The city of Montreal is taking new measures to assess the safety of downtown buildings, after a concrete slab fell from the aging Marriott Hotel back in July, killing a 33-year-old woman while she ate dinner with her husband.

City Hall is sending out letters to several building owners, asking for engineers' reports certifying the buildings and their underground facilities, such as parking garages, are safe.

It's the latest move following a series of problems with buildings in the downtown core. Two years ago, cracks were discovered in a tunnel under a major downtown street, De Maisonneuve Blvd. That forced the evacuation of The Bay and other buildings in the downtown core.

The city sent notices to the owners of 63 other buildings that have underground structures, demanding inspection reports. But only a quarter of them replied.

Now, following the death of 33-year-old Lea Guilbeault who was struck by a piece of concrete that fell from a building in July, the city is insisting on the remaining safety reports, and has asked building owners to comply immediately.

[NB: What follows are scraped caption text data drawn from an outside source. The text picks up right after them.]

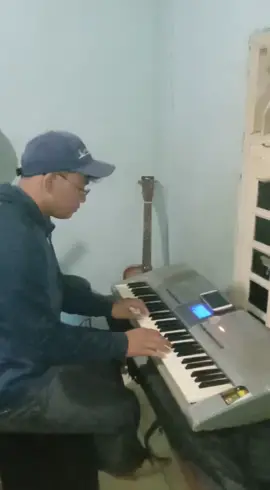 Vierratale rasa ini versi asal-asalan 😂#vierratale #keyboard #ngasalkonten #fypシ #fypdongggggggg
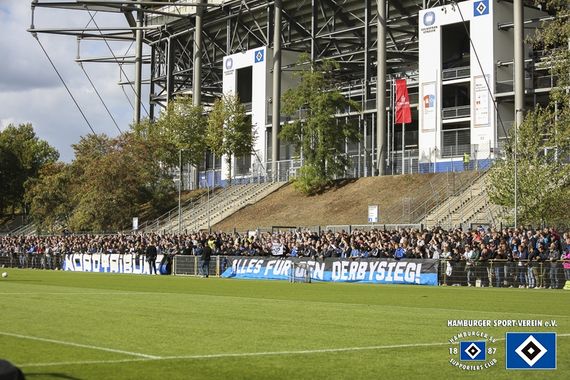 HSV-Fans heute beim Trainingsbesuch.<br />Bild: hsv-ev.de”><figcaption>HSV-Fans heute beim Trainingsbesuch.<br />Bild: hsv-ev.de</figcaption></figure>
                </div>
                
                <!-- YouTube (Meta-Feld) -->
                
            </div>
        </article>

                <script>
        (function() {
            var root = document.querySelector('.ff-single-news-gallery');
            if (!root) return;
            var slides = root.querySelectorAll('.ff-single-news-gallery-slide');
            var dots = root.querySelectorAll('.ff-single-news-gallery-dot');
            var prev = root.querySelector('.ff-single-news-gallery-prev');
            var next = root.querySelector('.ff-single-news-gallery-next');
            var n = slides.length;
            if (n < 2) return;
            var i = 0;
            function closeAllImgInfo() {
                root.querySelectorAll('.ff-fv-img-info-host.is-info-open').forEach(function(host) {
                    host.classList.remove('is-info-open');
                    var b = host.querySelector('.ff-fv-img-info-btn');
                    var p = host.querySelector('.ff-fv-img-info-panel');
                    if (b) b.setAttribute('aria-expanded', 'false');
                    if (p) p.setAttribute('aria-hidden', 'true');
                });
            }
            function show(idx) {
                closeAllImgInfo();
                i = ((idx % n) + n) % n;
                for (var s = 0; s < n; s++) {
                    if (s === i) slides[s].removeAttribute('hidden'); else slides[s].setAttribute('hidden', '');
                }
                for (var s = 0; s < dots.length; s++) {
                    dots[s].classList.toggle('is-active', s === i);
                    dots[s].setAttribute('aria-selected', s === i ? 'true' : 'false');
                }
            }
            if (prev) prev.addEventListener('click', function() { show(i - 1); });
            if (next) next.addEventListener('click', function() { show(i + 1); });
            for (var d = 0; d < dots.length; d++) {
                (function(di) { dots[di].addEventListener('click', function() { show(di); }); })(d);
            }
        })();
        </script>
        
        <!-- Kommentare -->
                <section class=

Quebec's building watchdog, the Regie du Batiment, is expected to send similar notes to landlords.

Montreal Mayor Gerald Tremblay insists the underground city is safe but says precautionary inspections are needed at several buildings.

"The information I have is that there's no danger for the public but I'd like to see that in writing," said Tremblay.

Prof. Saeed Mirza, a structural engineer with McGill University, says Montreal's brutal winters can easily degrade a building's underground facilities.

"There is salt and snowmelt coming down into the ground and it causes corrosion in the steel reinforcements and leads to other deterioration in the concrete. The result is the underground infrastructure would be deteriorating if it is not maintained properly," Mirza told Canada AM Wednesday.

He said many of the buildings in Montreal are old and really should be inspected, to prevent another tragedy like the one this summer.

"The Marriott, where the piece of concrete fell on that poor woman at the outdoor restaurant, that building had not been inspected since 2000. We now know there was deterioration going on," he said.

Mirza says the real problem is that engineers are not designing buildings with future maintenance needs in mind. Instead, they are focusing on keeping costs down in the initial build.

"I call it 'design, build and forget.' The maintenance part is just left to somebody else," he says.

Some of the structural components of the Marriot Hotel, for example, cannot even be accessed and therefore, can't be assessed for integrity.

Two months after the accident, inspectors still haven't been able to do a full inspection. The block is still closed to traffic, as the owners have yet to release a safety report.

Mirza says building constructors need to think about structural maintenance needs in the future, just as car manufacturers provide detailed maintenance manuals to new owners. They know that all cars will need to be fixed at some point, to extend their lives; so builders should be thinking the same way.

"I believe there has to be a paradigm shift here where an engineer designs and builds for the entire service life."

That may mean more costs upfront during construction, says Mirza, but buildings would require less maintenance later on and repairs would be simpler.

Tremblay has asked the city's legal department to study New York City's Law 11, which requires mandatory inspections of building facades every five years, and see if something similar can be implemented here.